'I Made a Mistake'
Tuesday, August 2, 2005
BALTIMORE, Aug. 1 -- The sign hanging from the warehouse adjacent to Oriole Park at Camden Yards proved an ironic backdrop to the day. In celebration of Rafael Palmeiro's 3,000th hit, the Baltimore Orioles hung a massive banner that in bright, bold orange letters, read, "Congratulations Raffy!"
There was certainly nothing to celebrate on this somber day. Palmeiro, who only 17 days ago was honored for joining Hank Aaron, Willie Mays and Eddie Murray as the only players to have at least 3,000 hits and 500 home runs, was suspended for 10 days Monday for violating baseball's anti-drug policy.
Palmeiro said he accidentally ingested a steroid and said he isn't sure when or how it happened. He appealed the suspension, but on Monday morning an independent arbitrator rejected the claim.
"I hope the fans understand I've worked very hard over a long 20-year career," Palmeiro said in a conference call with reporters. "I put in a lot of time and a lot of effort into my career. I made a mistake and I'm facing it. I hope people learn from my mistakes. I hope the fans forgive me."
The Orioles' clubhouse, after a 6-3 loss to the Chicago White Sox on Monday, emptied out quickly. Players were reluctant to comment on Palmeiro, who did not speak to the team after his suspension was announced.
One teammate, the only one who spoke about Palmeiro, was brief and to the point.
"We need to try to be as supportive as we can," Orioles outfielder B.J. Surhoff said. "This is going to be a pretty tough ride for him."
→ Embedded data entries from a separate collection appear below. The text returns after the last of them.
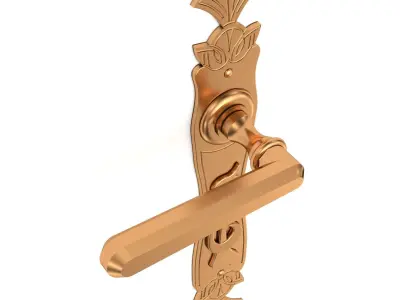 Door handle Free 3D model buy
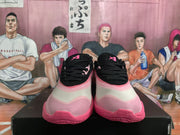 Nike Black and Pink Basketball Sneakers
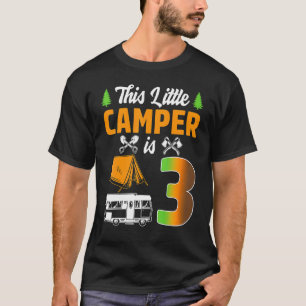 T-shirt Enfants Ce Petit Camper Est 3 Camp 3ème Camping Bi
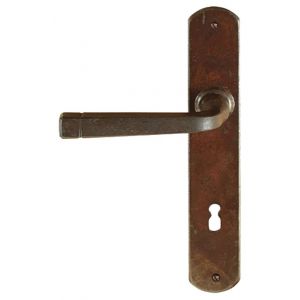Utensil Legno FM043L M deurkruk op schild roest BB 56 mm geveerd gatdeel linkswijzend - H21007057 - afbeelding 1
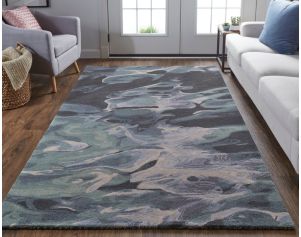 Feizy Rugs Amira Green and Blue 8 X 10 Rug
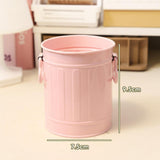 Maxbell Pen Holder Cup Stationery Organizer Makeup Brush Organizer Home Office Decor Pink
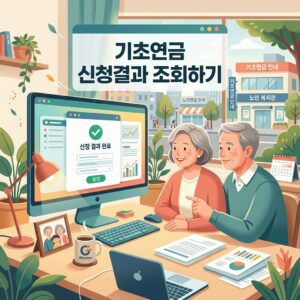 ai thumbnail illustration 기초연금 신청결과 조회하기 1792533504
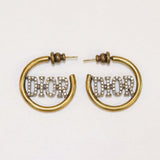 18K CD 30 Montaigne Hoop Earrings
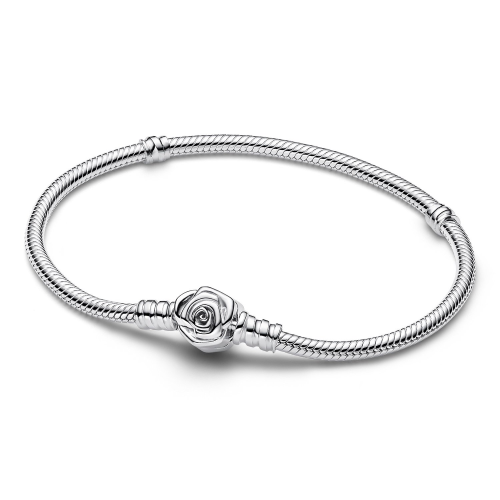 Pandora 593211C00 Damenarmband Blühende Rose 925 Silber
Palmeiro had emerged as perhaps baseball's best spokesman against steroid use. Cast as a steroid user by former slugger Jose Canseco in his book, Palmeiro criticized his former teammate and questioned Canseco's spotty reputation.
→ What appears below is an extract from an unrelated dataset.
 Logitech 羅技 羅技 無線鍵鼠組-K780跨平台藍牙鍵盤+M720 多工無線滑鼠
Palmeiro emphatically denied using steroids in his testimony on March 17 during the House Government Reform Committee's hearing on steroids on Capitol Hill. He pointed his right finger at legislators and said, "I have never used steroids. Period."
Palmeiro's testimony was in stark contrast to former slugger Mark McGwire, who looked uncomfortable as he repeatedly declined to answer questions and afterward was vilified by baseball fans and the media.
"When [Palmeiro] was so adamant in March and made such a stern statement, I was proud of him being able to say that with so much conviction," said broadcaster Buck Martinez, a former major league player and manager. "Myself, like everyone else, kind of thought this is a guy who is really trying to clear his name. And then to have this, I think more than anything I am disappointed for the game."
A confidentiality agreement between baseball and the players' union requires that the testing procedure and the appeal process remain private. Palmeiro said he could not reveal when he was informed of testing positive or what substance he took.